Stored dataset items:
[Start of Attachment]
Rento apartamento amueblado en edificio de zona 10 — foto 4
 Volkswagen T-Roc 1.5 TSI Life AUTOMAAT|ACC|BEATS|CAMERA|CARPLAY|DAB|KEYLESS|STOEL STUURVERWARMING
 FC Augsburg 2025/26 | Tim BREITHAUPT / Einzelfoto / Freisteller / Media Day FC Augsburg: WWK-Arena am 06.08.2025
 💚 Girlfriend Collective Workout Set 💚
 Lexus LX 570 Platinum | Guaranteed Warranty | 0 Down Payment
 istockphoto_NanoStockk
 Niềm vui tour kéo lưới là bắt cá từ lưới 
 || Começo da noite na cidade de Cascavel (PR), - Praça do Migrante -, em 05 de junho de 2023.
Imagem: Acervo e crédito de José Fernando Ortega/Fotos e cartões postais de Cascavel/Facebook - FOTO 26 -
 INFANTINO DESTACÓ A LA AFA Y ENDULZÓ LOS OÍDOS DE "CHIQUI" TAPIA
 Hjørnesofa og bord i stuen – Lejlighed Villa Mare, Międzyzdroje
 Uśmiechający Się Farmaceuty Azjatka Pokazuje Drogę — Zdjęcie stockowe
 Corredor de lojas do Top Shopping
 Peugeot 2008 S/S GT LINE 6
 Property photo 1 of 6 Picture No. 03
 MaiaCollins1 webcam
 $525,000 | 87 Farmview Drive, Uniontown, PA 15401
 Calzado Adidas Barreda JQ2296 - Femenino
[End of Attachment]
Assigned task: Counting only lines that hold the word "Cascavel", state how many there are in the data. Write the number alone.

Response area: 2